The reply must consist of the complete listing, reproduced exactly, with no images included.

### Records provided
--- START ---

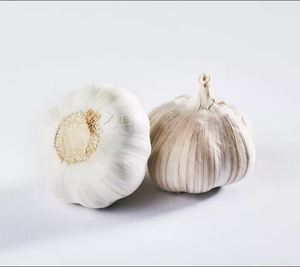 Bolsa de malla de 10kg de ajo blanco normal orgánico fresco nuevo cultivo - Product Image 3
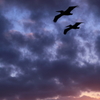 Twilight Pelican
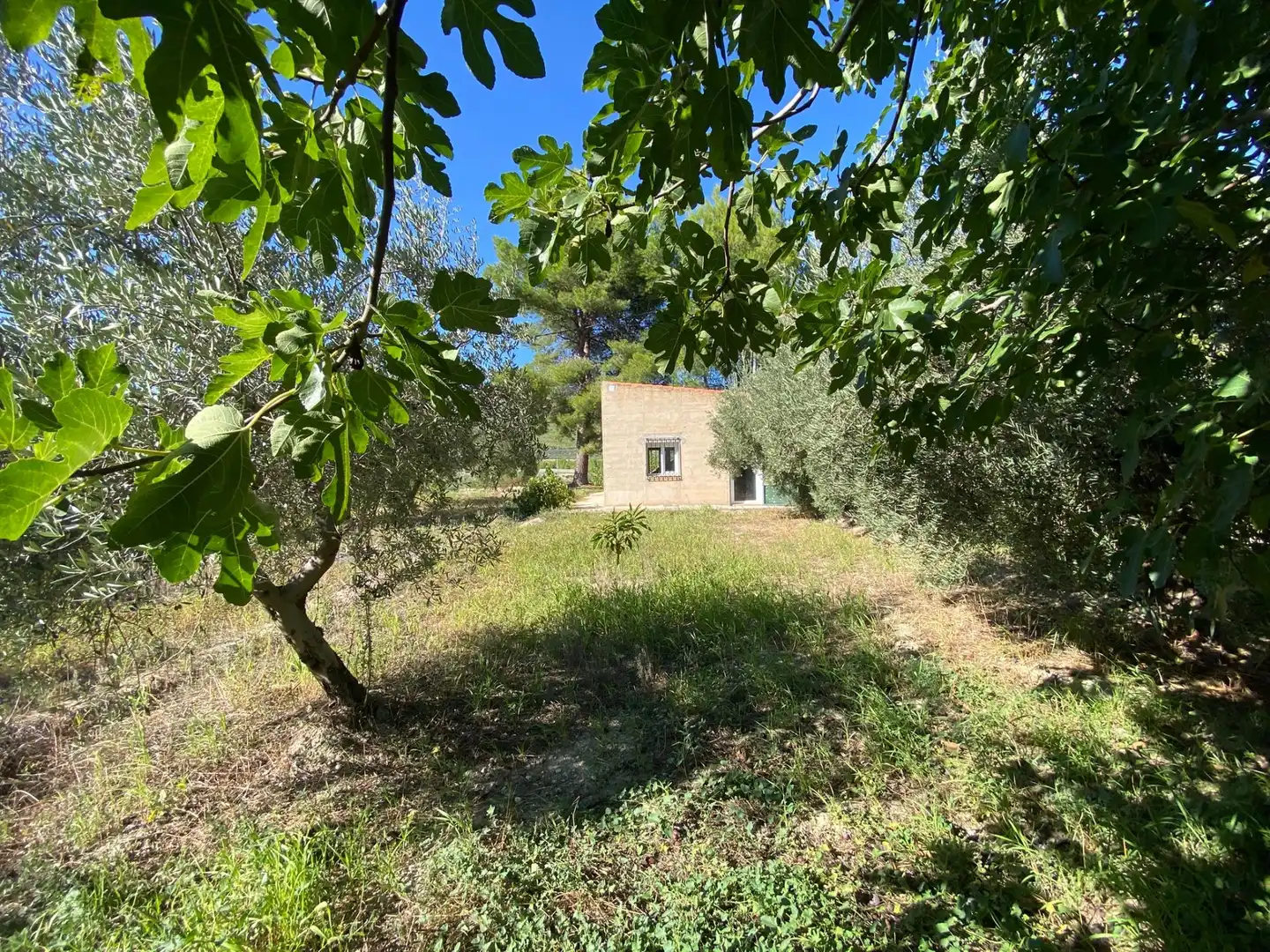 Terrain rustique à vendre à Moratalla, imagen 2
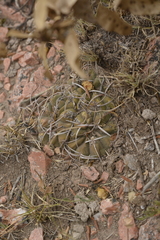 Gymnocalycium pugionacanthum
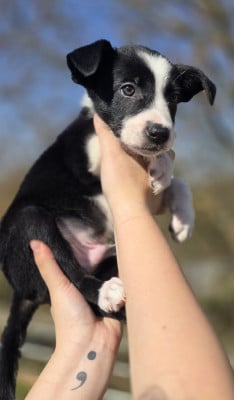 Les chiots de Border Collie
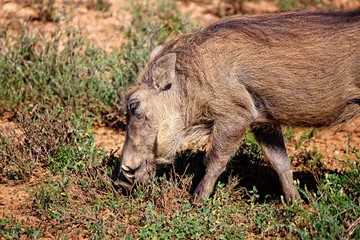 Warthog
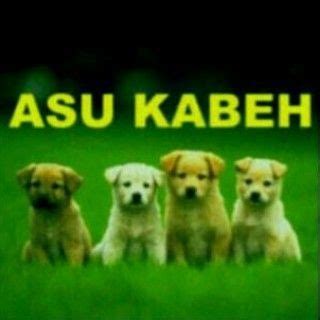 Harga kaos asu kabeh kata lucu bahasa jawa pria wanita hitam. Ghim trên Gambar Lucu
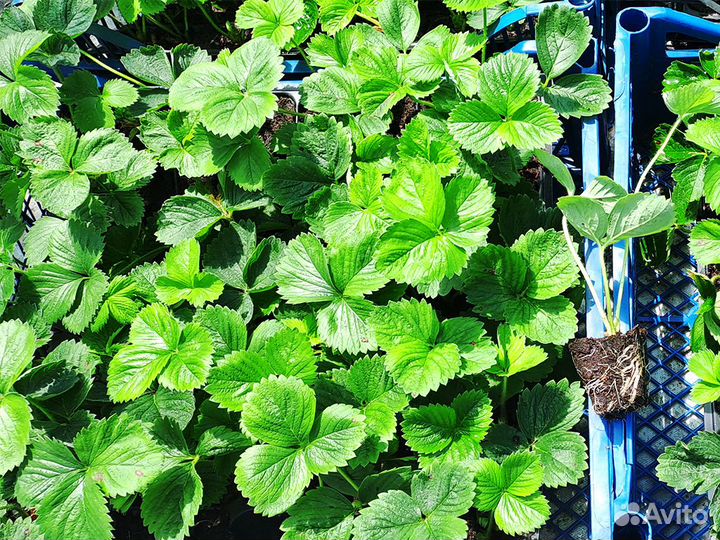 Рассада клубники. Оптом от 128 шт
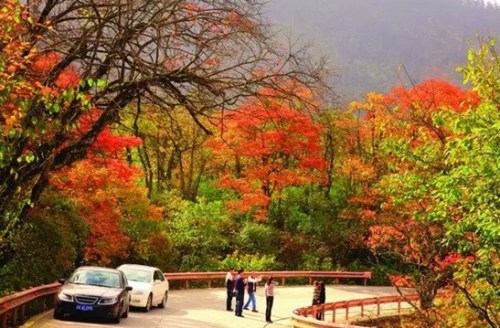 林红叶观赏时 浪漫峨眉不醉不休|红叶|峨眉山|峨眉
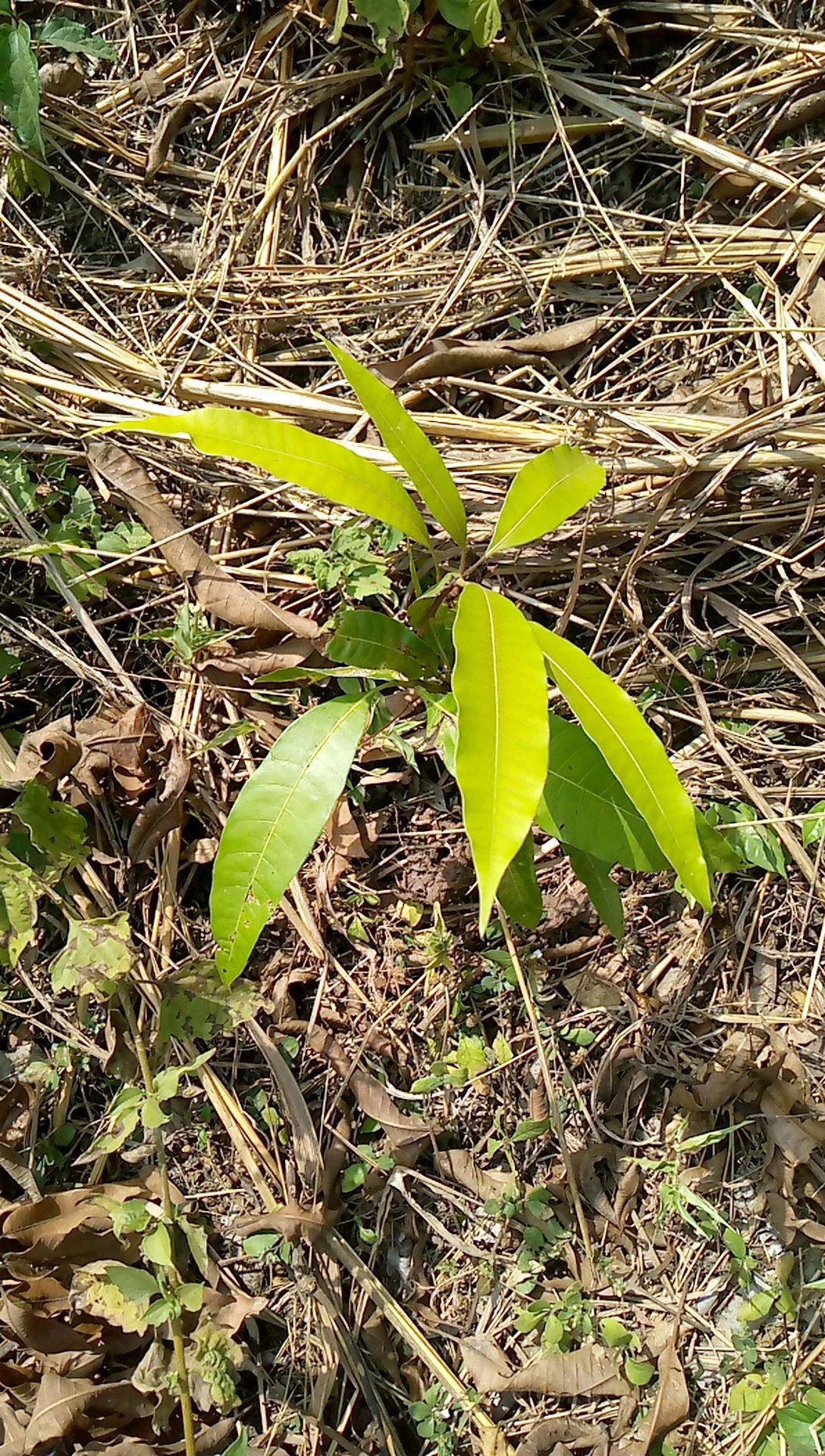 tree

--- END ---

### Worked solution
 Bolsa de malla de 10kg de ajo blanco normal orgánico fresco nuevo cultivo - Product Image 3
 Twilight Pelican
 Terrain rustique à vendre à Moratalla, imagen 2
 Gymnocalycium pugionacanthum
 Les chiots de Border Collie
 Warthog
 Harga kaos asu kabeh kata lucu bahasa jawa pria wanita hitam. Ghim trên Gambar Lucu
 Рассада клубники. Оптом от 128 шт
 林红叶观赏时 浪漫峨眉不醉不休|红叶|峨眉山|峨眉
 tree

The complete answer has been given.